Maybe Elizabeth Warren and Scott Brown are sincere in their stated desires to stop third parties (in other words, citzens) from trying to influence the Massachusetts Senate race with ad buys, or maybe they're engaged in political posturing. In either case, an agreement by candidates to try to silence their respective supporters is less an exercise in good government than it is un-self-conscious elitism. It reflects obvious contempt for the political-speech rights of people and groups the candidates aim to govern. It signals mistrust of voters: candidates who believed what they say about the intelligence and common sense of the voting public would have faith in the public's ability to tune out or tune in and evaluate political ads. Besides, not all ads are false and misleading. Some are informative, or equally informative as claims made by candidates themselves.

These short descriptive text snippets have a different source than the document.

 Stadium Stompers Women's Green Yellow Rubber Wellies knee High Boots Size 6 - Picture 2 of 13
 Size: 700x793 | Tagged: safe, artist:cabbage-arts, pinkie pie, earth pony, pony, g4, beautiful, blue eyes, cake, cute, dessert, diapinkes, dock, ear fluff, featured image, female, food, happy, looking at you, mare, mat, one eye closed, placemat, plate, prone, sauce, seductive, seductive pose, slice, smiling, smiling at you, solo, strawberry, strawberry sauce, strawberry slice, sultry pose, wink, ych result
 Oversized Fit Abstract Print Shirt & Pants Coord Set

Candidates naturally want to monopolize electoral speech; they want to "control the narrative."
Keep in mind that the third-party groups targeted by the proposed Brown/Warren agreement would presumably not be limited to well-endowed, independent-in-name-only groups, effectively acting on behalf of the candidates, created and run by close allies. Presumably, advocacy groups will also be asked to stifle themselves during the campaign: If the agreement is to have any appreciable effect, pro-choice organizations will be pressured to abstain from running ads attacking Brown's record on choice. Pro-business groups will be expected not to criticize Warren's economic policies.
How would the Brown/Warren demands be enforced? The expenditures of disobedient advocates and activists would, in effect, be charged to the candidates, according to a Brown proposal. He and Warren would agree to contribute to charity half the cost of offending ads run on their behalf.

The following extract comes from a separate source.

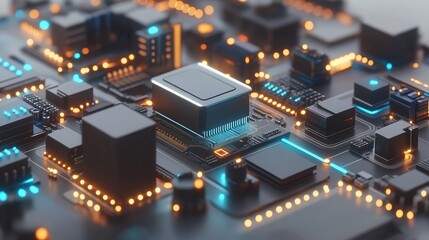 Futuristic Technology Closeup of Advanced Microchip Circuit Board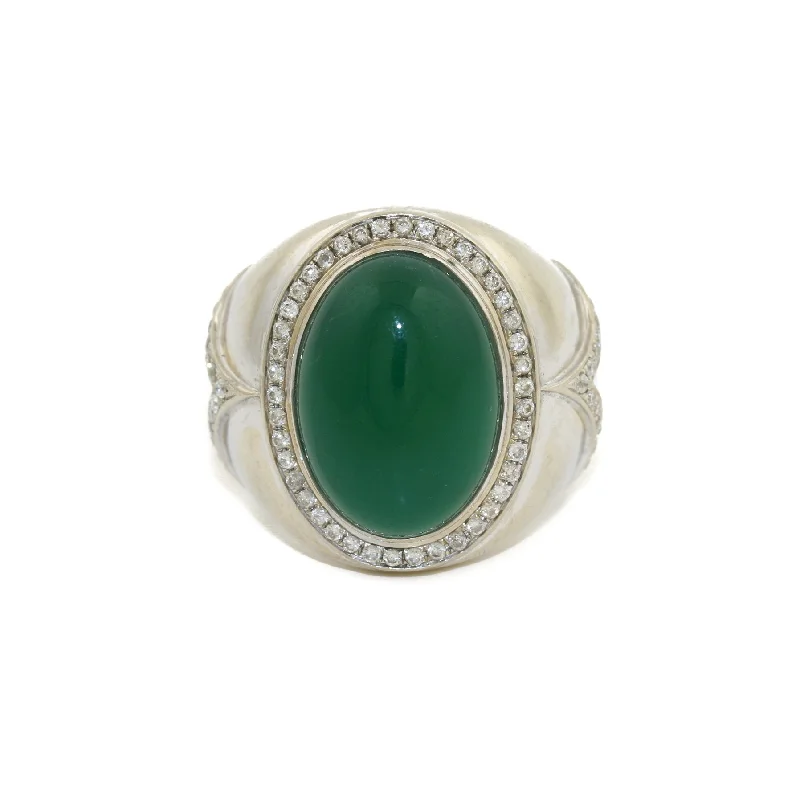 simple wedding bands with diamonds-18k x Green Onyx & Pave Diamond Ring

Of course, Brown and Warren are entitled to fine themselves for the speech of others if they wish, and their agreement would not (and could not) impose any legal restrictions on the rights of independent groups. But it seems fair to assume that they would impose legally binding rules on outside groups if they could: campaign-finance reform has always aimed, in part, at restricting third-party speech and "influence" on elections. (Imagine that -- citizens trying to influence elections.)

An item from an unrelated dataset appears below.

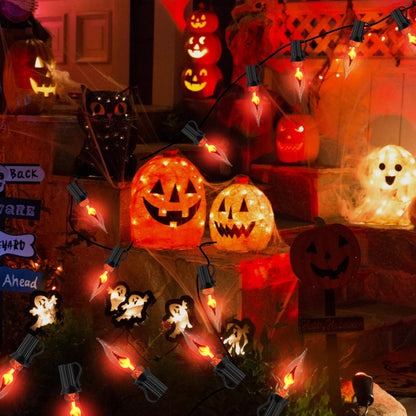 PASUTO 27.8Ft Halloween Decor Lights Flickering Flame String Lights with 25+4 Pack Clear Glass Flame Light Bulbs for Fall Decor Halloween Decorations Indoor Outdoor Home Party Fireplace, E12 Base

Indeed, Warren apparently wants the press to help silence outside groups. According to the Boston Globe, she has "suggested notifying broadcasters in the hopes of getting their help and 'ensuring that the agreement not only cover express advocacy ads, but all paid advertisements that seek to promote or attack either candidate or campaign.'"
Shame on any media outlet that offers "help" for efforts to repress independent advocacy. Candidates naturally want to monopolize electoral speech; they want to "control the narrative." They're entitled to desire control, obviously, but they're not entitled to exercise it, and they should surely know better than to ask media outlets to act as enforcers for their campaigns. The presumptuousness of the proposed Brown/Warren agreement is jaw-dropping.
This nascent effort to chill third-party speech is reminiscent of repressive campaign finance laws discredited decades ago. In the early 1970s, federal law limited expenditures by federal candidates and tightly restricted independent political advocacy. The Federal Election Campaign Act of 1971 imposed the equivalent of licensing requirements on speech by groups labeled "political committees." Any person or group intent on purchasing an ad allegedly "on behalf" of a candidate was required to obtain a certification from the candidate that the cost of the ad did not exceed his or her spending limit. Amazingly, any publication that accepted an ad without the requisite certification was subject to criminal penalties.
The ACLU challenged these draconian efforts to impose campaign finance restrictions on truly independent advocacy in two early cases -- National Committee on Impeachment v U.S. and ACLU v Jennings. Former ACLU Executive Director Ira Glasser offered a useful summary of both cases in Congressional testimony a decade ago.